New report shows food insecurity a growing concern for Peterborough

University researchers say now is the time for new approaches

The report finds that while Peterborough has many community-based food security initiatives, such as the YWCA Peterborough Haliburton JustFood Program, a systems-wide strategy for food from production to consumption is absent in Peterborough (photo courtesy of YWCA Peterborough Haliburton Nourish Project)
The report finds that while Peterborough has many community-based food security initiatives, such as the YWCA Peterborough Haliburton JustFood Program, a systems-wide strategy for food from production to consumption is absent in Peterborough (photo courtesy of YWCA Peterborough Haliburton Nourish Project)

A new report entitled Food Access, Housing Security and Community Connections: A Case Study of Peterborough, Ontario was released today by Carleton and Trent University academics, in association with the Centre for Sustainable Food Systems at Wilfrid Laurier University.

The report concludes that the community of Peterborough is doing many things right when it comes to addressing food insecurity and housing insecurity, but that the issues are not going away and may even be getting worse. It argues that it is time for some new cross-cutting approaches.

“Peterborough was chosen for this study because it faces challenges when it comes to both food insecurity and housing insecurity,” says Dr. Peter Andrée of Carleton University, lead author of the report.

“Despite this, Peterborough is home to a vibrant collection of community-based initiatives working to address these issues alongside City and County governments.”

The report finds that 11.5% of Peterborough households are "food insecure" (graphic: Peterborough County-City Health Unit)
The report finds that 11.5% of Peterborough households are “food insecure” (graphic: Peterborough County-City Health Unit)
The report identifies household food insecurity as a growing issue in Peterborough City and County. Food insecurity research shows that 11.5% of households in the City and County of Peterborough are food insecure, an increase from the 10% reported in 2013.

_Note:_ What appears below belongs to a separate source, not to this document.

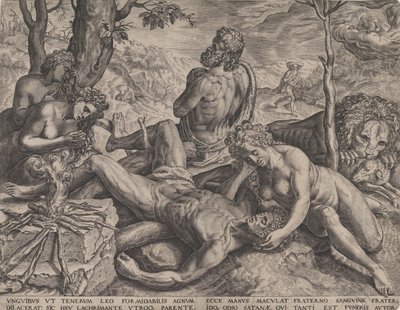 Adam och Eva beklagar Abels död, 1564. av Cornelis Cort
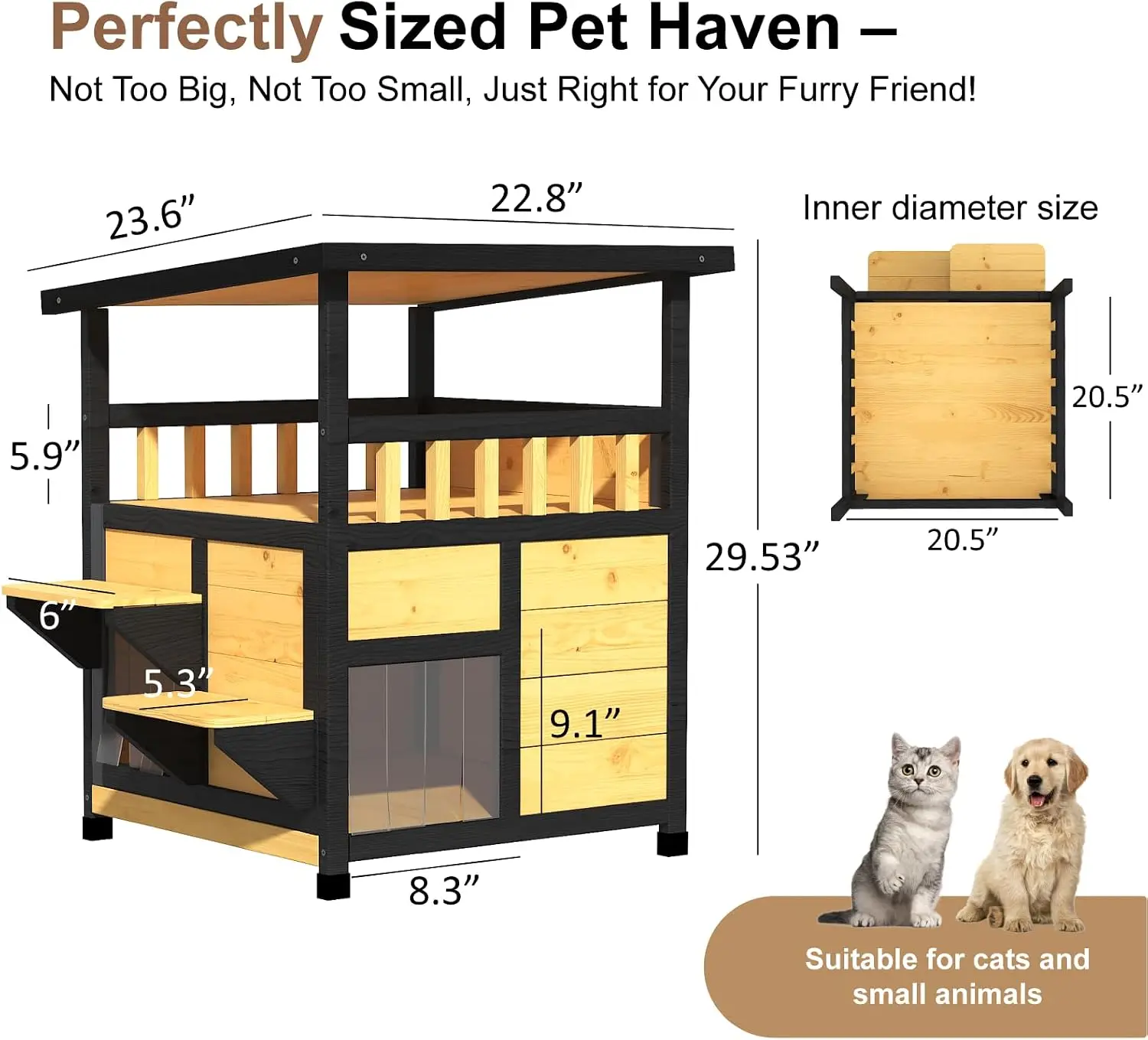 Outdoor Cat House Weatherproof, Outside Two Story Feral Cat Shelter with Escape Door, Scratching Mat, Pull-Out Bottom, Playful Cat Condo for Small & Medium Pets, Black and Earthy Yellow view 2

In 2011, 26% of households (including 48% of rental households) in Peterborough paid at least 30% of their income on housing (Statistics Canada, 2014). Because of insufficient affordable housing and low average wages, renters earning the average Peterborough wage of $18/hour had to work longer than in any other Canadian city to cover the average rent for a two-bedroom apartment.

“When people are forced to choose between food and shelter, housing is often paid for first, leaving families hungry at the end of the month,” notes Dr. Rosana Pellizzari, Medical Officer of Health and Chair of the Peterborough Food Action Network. “Clearly, the common denominator between the issues of food access and housing insecurity is insufficient income to make ends meet”.

The report concludes that all levels of government need to take the issue of income security much more seriously. It is time to take action on Living Wage and social assistance rates, and explore the potential of a Basic Income Guarantee.